## WHAT IS BEING ASKED
When you copy from the entries that follow, take only the lines from the one with "Білий Лексус РХ, об'ємом" down to the one with "İki tramvay çarpıştı seferler durdu", keeping both ends and dropping every picture.

## THE INPUT
=== Section Start ===
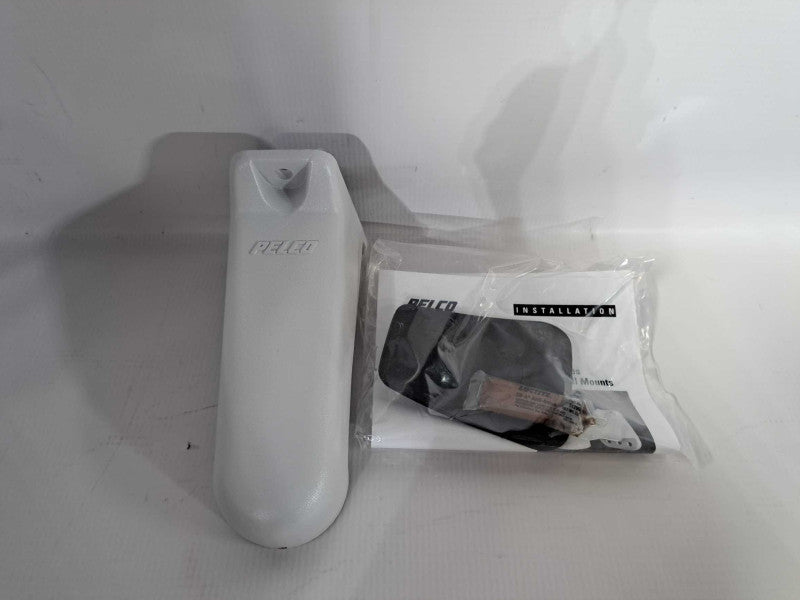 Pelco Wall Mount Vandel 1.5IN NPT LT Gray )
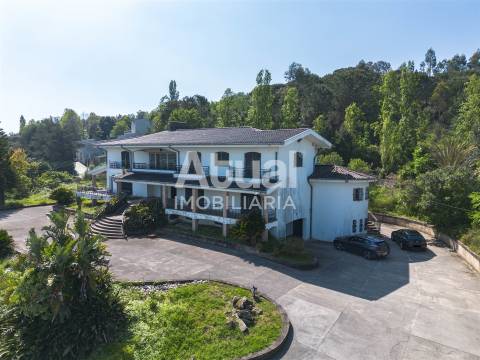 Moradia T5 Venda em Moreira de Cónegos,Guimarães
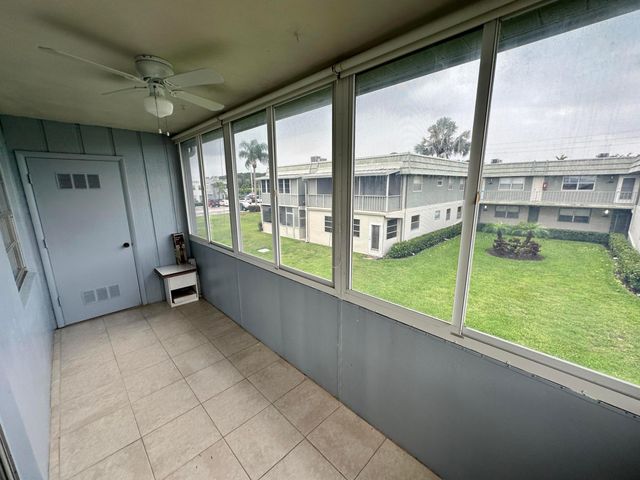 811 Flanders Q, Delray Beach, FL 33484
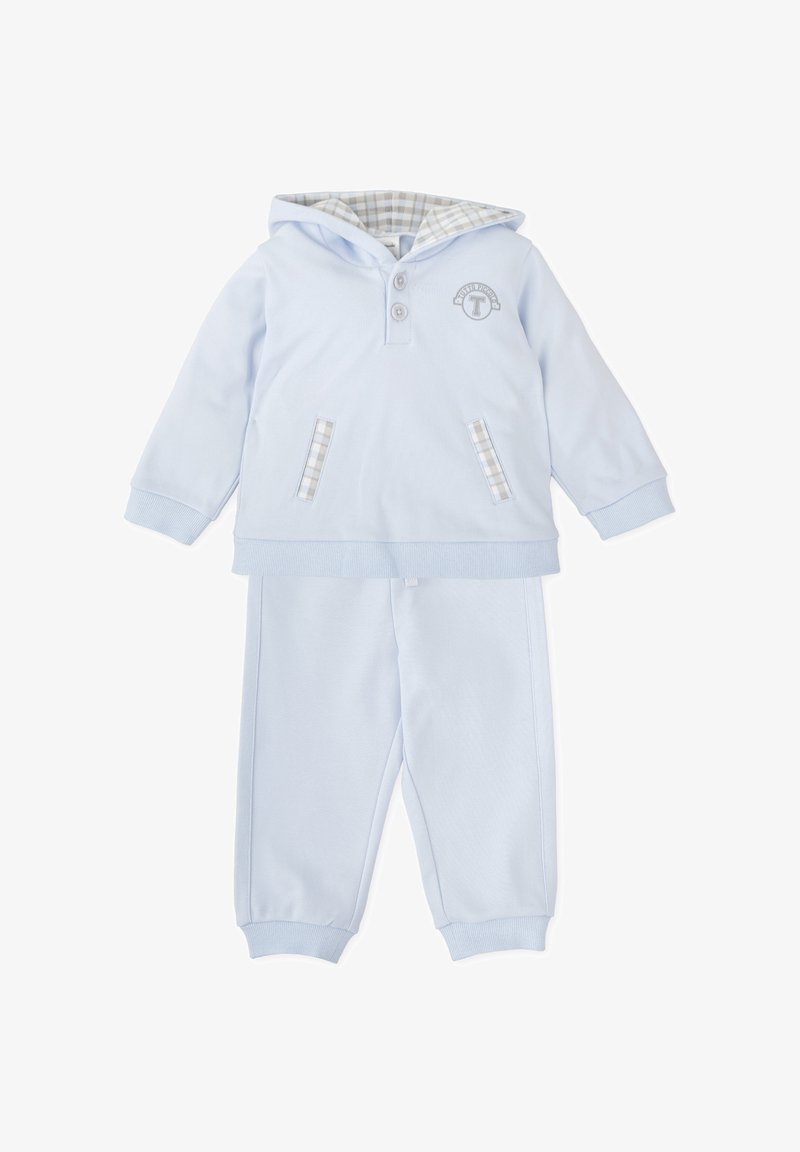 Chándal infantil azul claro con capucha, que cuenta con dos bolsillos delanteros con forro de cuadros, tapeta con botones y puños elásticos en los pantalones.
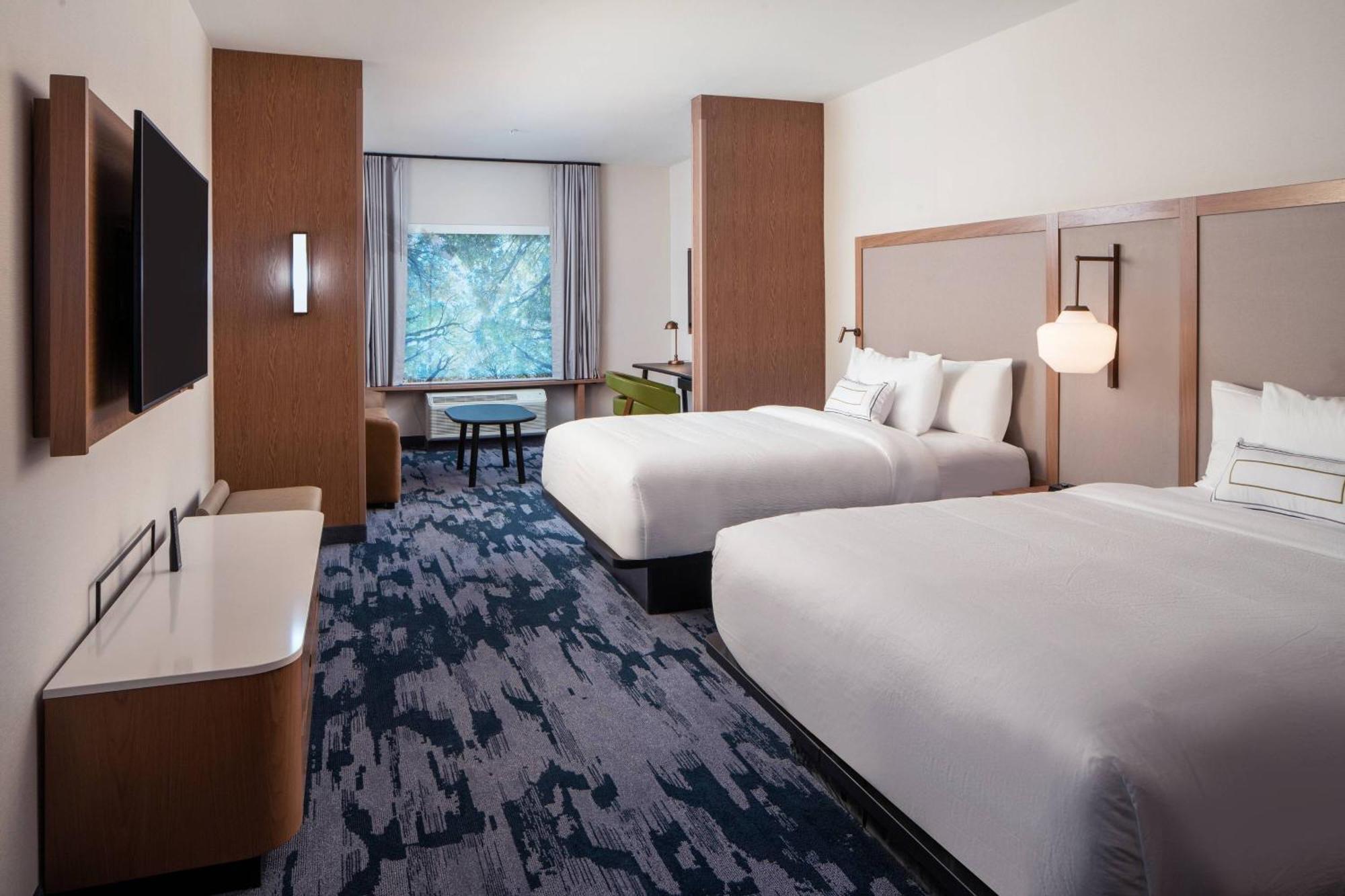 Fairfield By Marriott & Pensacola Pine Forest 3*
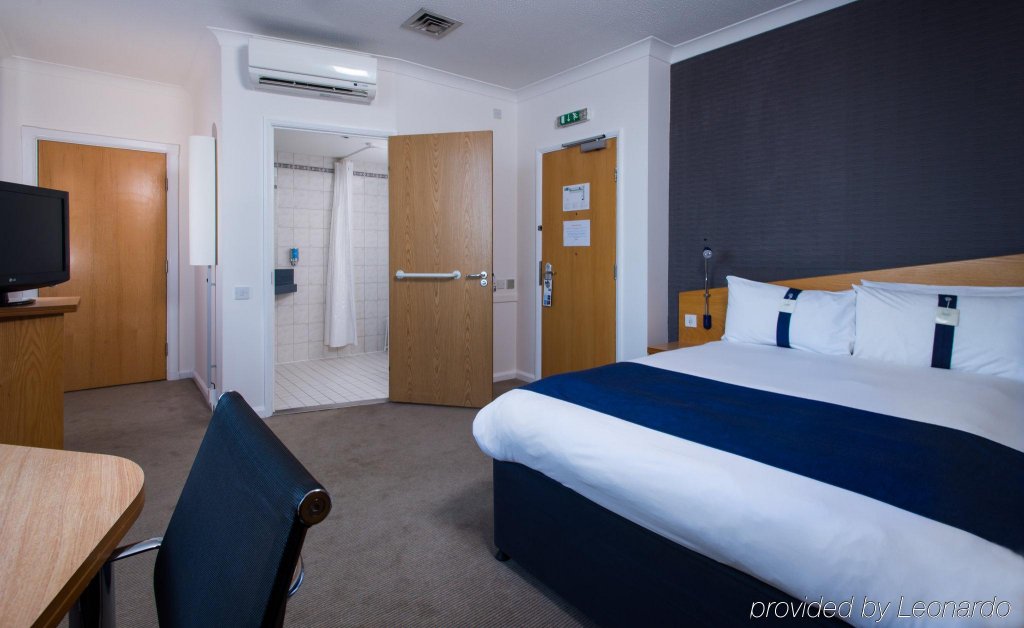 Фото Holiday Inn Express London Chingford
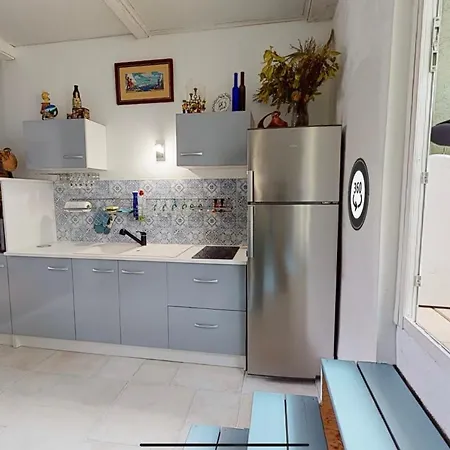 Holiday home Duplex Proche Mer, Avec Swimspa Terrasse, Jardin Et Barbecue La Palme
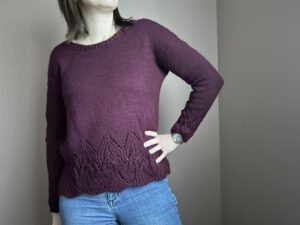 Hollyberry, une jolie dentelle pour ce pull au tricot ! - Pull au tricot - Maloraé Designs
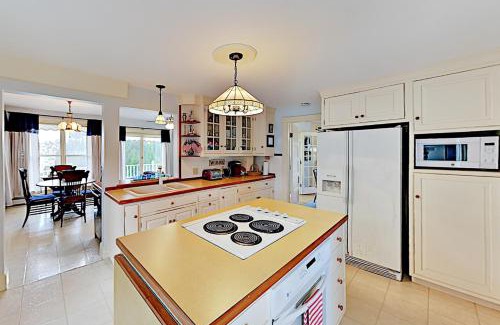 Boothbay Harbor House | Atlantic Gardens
=== Section End ===
=== Section Start ===
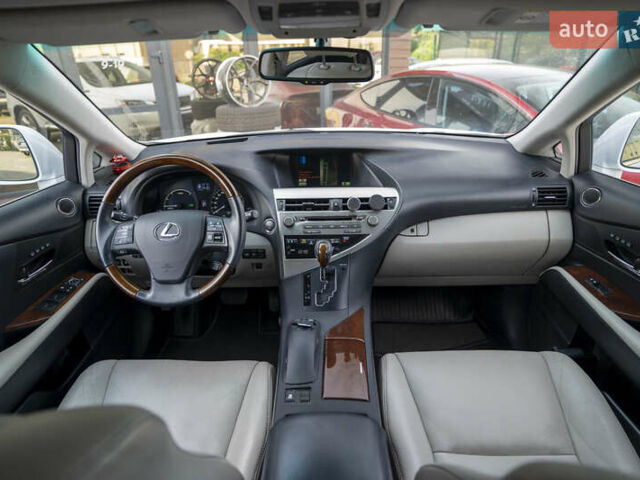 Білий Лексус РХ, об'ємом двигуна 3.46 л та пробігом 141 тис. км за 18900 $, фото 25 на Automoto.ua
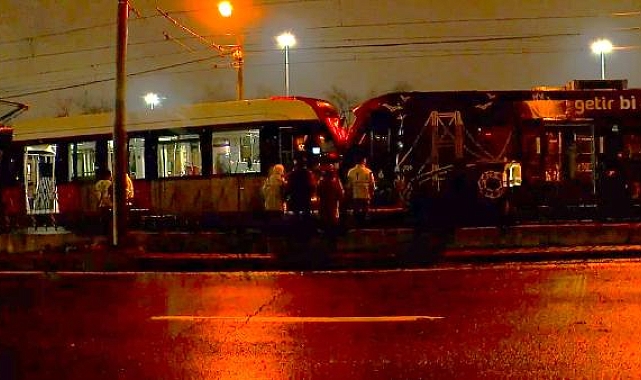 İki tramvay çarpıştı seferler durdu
=== Section End ===
## WRITTEN REPLY
 Білий Лексус РХ, об'ємом двигуна 3.46 л та пробігом 141 тис. км за 18900 $, фото 25 на Automoto.ua
 İki tramvay çarpıştı seferler durdu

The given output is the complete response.